BEGIN Input for this task
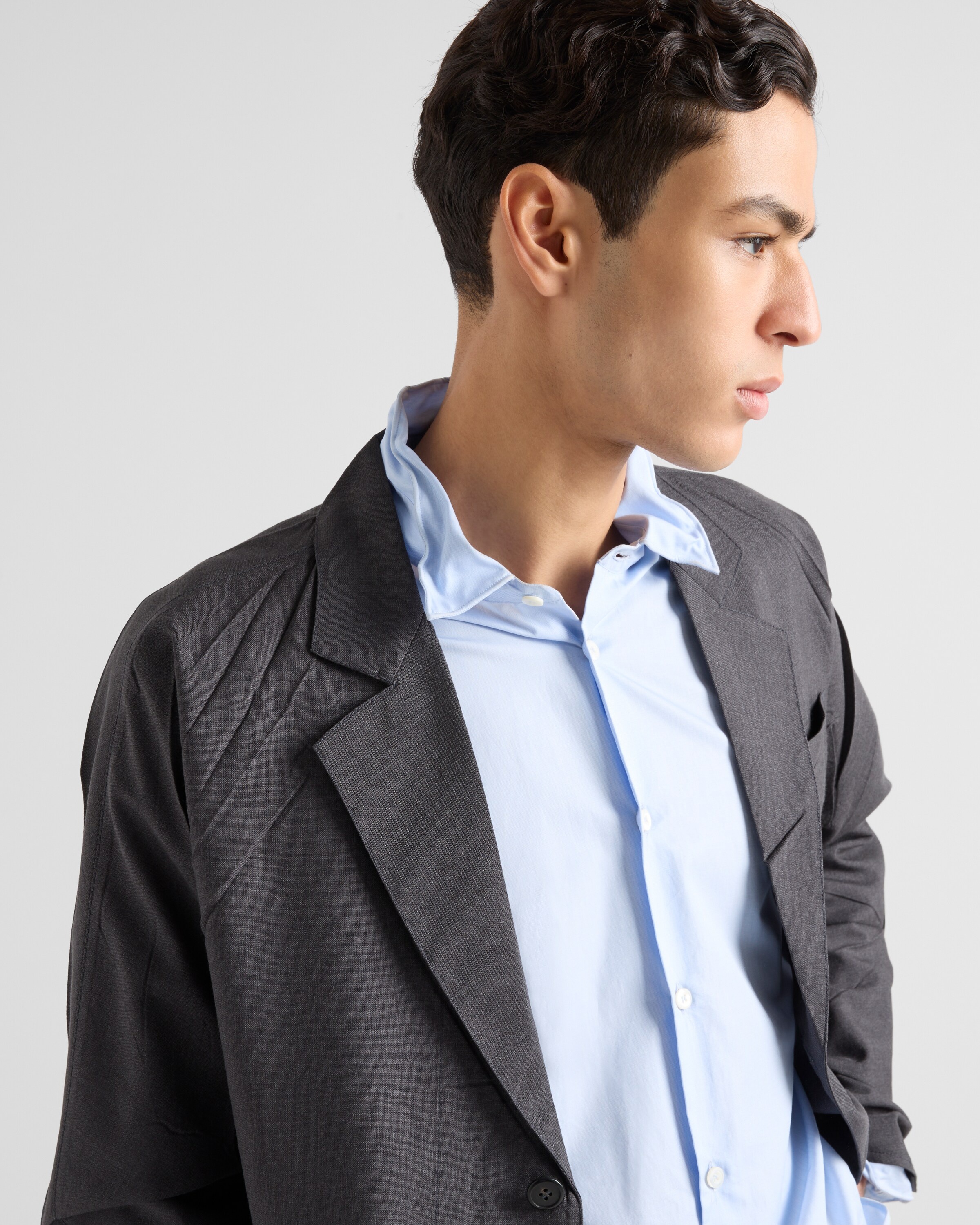 Single-breasted wool and silk jacket - 3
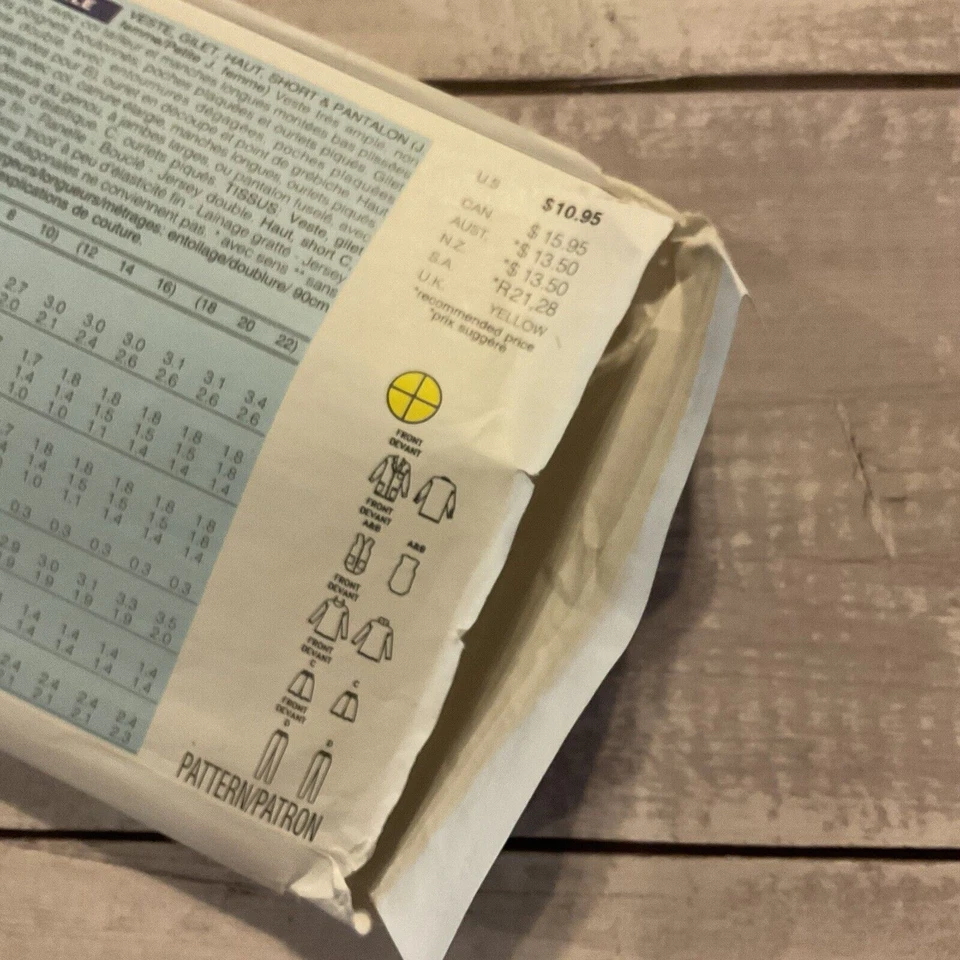 Butterick 3632 Sewing Pattern Tunic Top Jacket Vest Pants Shorts Sz 18-22 UNCUT - Image 4 of 4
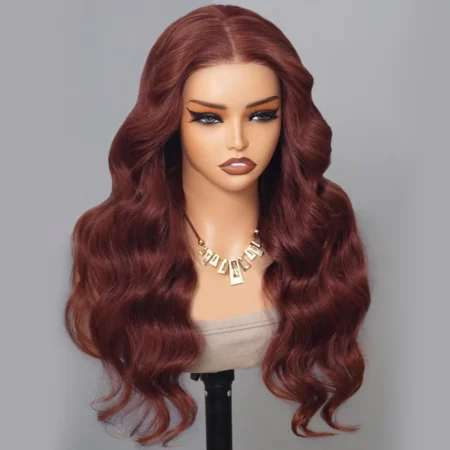 PapaHair Beauty | Reddish Brown Curtain Bangs Body Wave 6×5 Pre-cut HD Glueless Wig - Image 6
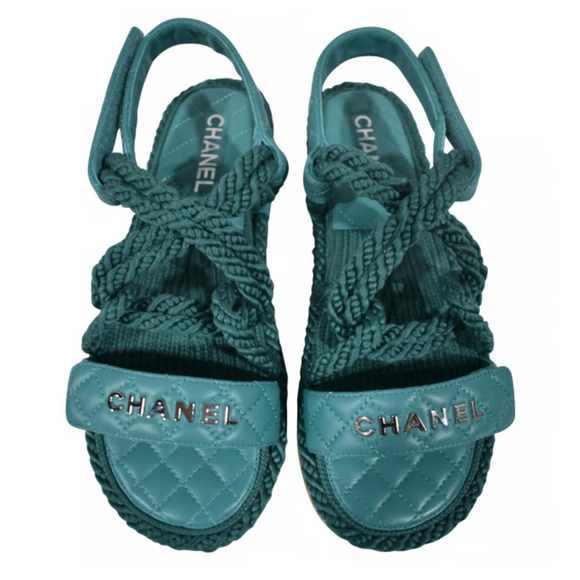 Chanel 21S Dad Green Blue Cord Rope CC Quilted Mule Ankle Strap Sandal Flat 40 - Picture 1 of 12
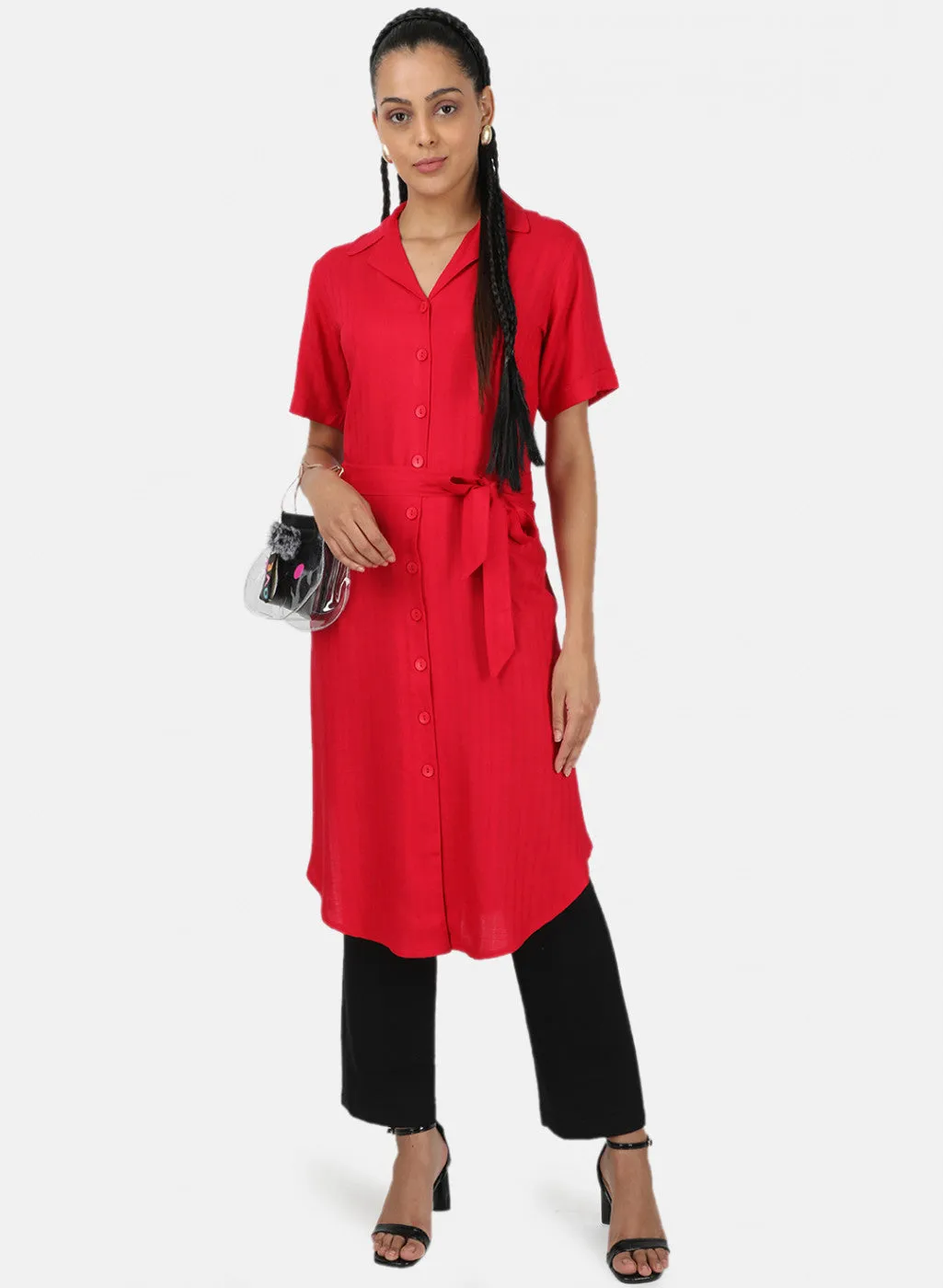 Womens Dark Pink Self Tunic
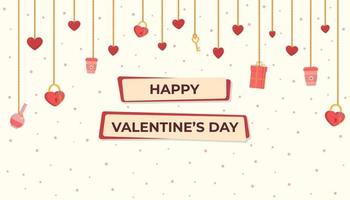 The banner of Valentine's Day. Ribbons with decorations. Vector illustration of holiday greetings.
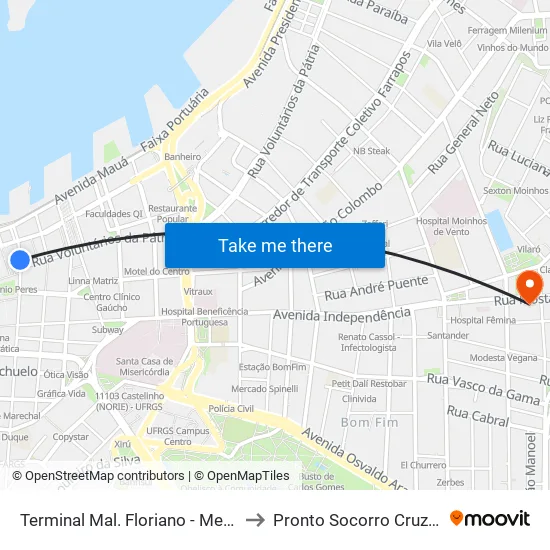 Terminal Mal. Floriano - Mercado to Pronto Socorro Cruz Azul map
END Input for this task
● What to work on
Return the records above verbatim, leaving out images.

● Task solution
 Single-breasted wool and silk jacket - 3
 Butterick 3632 Sewing Pattern Tunic Top Jacket Vest Pants Shorts Sz 18-22 UNCUT - Image 4 of 4
 PapaHair Beauty | Reddish Brown Curtain Bangs Body Wave 6×5 Pre-cut HD Glueless Wig - Image 6
 Chanel 21S Dad Green Blue Cord Rope CC Quilted Mule Ankle Strap Sandal Flat 40 - Picture 1 of 12
 Womens Dark Pink Self Tunic
 The banner of Valentine's Day. Ribbons with decorations. Vector illustration of holiday greetings.
 Terminal Mal. Floriano - Mercado to Pronto Socorro Cruz Azul map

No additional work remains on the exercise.